The field of media technology is changing rapidly. Technical advancements like UHD, VR and IP based streaming are challenging established AV technologies but also the technical side of subtitles and captions. How can existing requirements still be met and how can new technical opportunities be used for innovative services? Without doubt the subtitling tech community is at a turning point.
The SubTech 1 symposium is deeply grounded in the believe that conversion and harmonization are still possible.
Meet engineers and technical experts from standard organizations, studios, broadcaster, subtitling vendors or streaming providers. See what has been established, what is coming up and how to manage transition.
Opening Remarks: Michael Hagemeyer (IRT, Managing Director)
Host: Andreas Tai
Frans de Jong
European Broadcasting Union (EBU)
How has subtitling become so popular in Europe? What are the current challenges, especially for broadcasters?
Despite the development of newer and more capable subtitling standards, US closed captioning remains a hot topic for subtitling.
This presentation will explore the various technical and legal reasons behind the continuing importance of US closed captioning standards, and what new standards will need to do in order to eventually replace the current standards.
Korean Broadcasting Systems (KBS)
In South Korea, terrestrial UHD broadcasting using the ATSC 3.0 standard officially began at the end of May 2017. Since the HD and UHD programs are the same except for their video quality, the UHD programs reuse captions from the HD programs which are produced using live stenography. We implemented the ATSC3 closed captioning system, both for MMT (MPEG Media Transport) and ROUTE (Real-time Object Delivery over Unidirectional Transport), which are transport protocols in the ATSC 3.0 standard, and verified it by testing on commercial ATSC 3.0 UHD TV receivers.
Peter Cherriman, Frans de Jong, Pierre-Anthony Lemieux, Jason Livingston, Stefan Pöschel, Martin Schmalohr, Peter tho Pesch
Sandflow Consulting (supported by MovieLabs)

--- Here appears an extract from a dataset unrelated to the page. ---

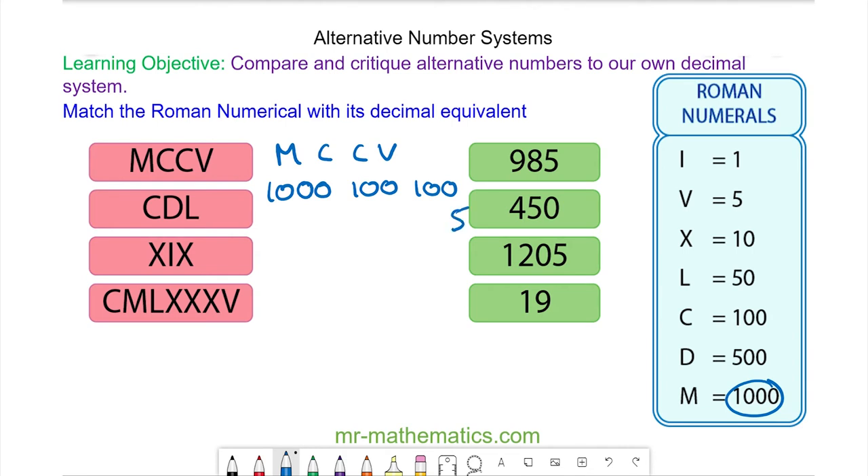Because they are all in descending order we have an addition: one thousand plus two hundred plus five. This card will match with this card.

The IMSC family of W3C Recommendations is an application of the Timed Text Markup Language (TTML) for worldwide subtitles and captions on the Internet and the Web. It is the result of an international collaboration, and brings together popular profiles of TTML, including EBU-TT-D and SMPTE-TT. The initial version of IMSC (IMSC 1) was published in early 2016, and has since been widely adopted across the entertainment ecosystem, including by the SMPTE Interoperable Master Format, MPEG CMAF, ATSC A/343, and DVB A174. A complete test suite and multiple open source implementations are available.

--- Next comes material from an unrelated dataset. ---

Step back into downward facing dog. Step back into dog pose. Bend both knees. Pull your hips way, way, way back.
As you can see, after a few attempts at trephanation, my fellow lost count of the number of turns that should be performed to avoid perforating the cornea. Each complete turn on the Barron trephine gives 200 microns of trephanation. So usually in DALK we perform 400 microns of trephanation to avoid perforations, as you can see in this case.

This session presents an overview of IMSC, and discusses its roadmap, including the ongoing development of IMSC 1.1, which adds support for HDR, advanced Japanese language features and stereoscopic 3D.
20th Century Fox
Creating an archive of subtitles for a library of content is a difficult task, especially when working with so many different subtitle vendors. This presentation will discuss how Fox creates consistent IMSC 1.0 subtitle files regardless of which vendor the subtitle originates from. The IMSC 1.0 specification and style constraints Fox has chosen has allowed them to repurpose the same subtitle files for archival workflows which require stylized subtitles, and downstream platform workflows where the subtitle rendering is variable. This presentation will also discuss why these subtitles are appropriate for use in SDR and HDR dynamic ranges.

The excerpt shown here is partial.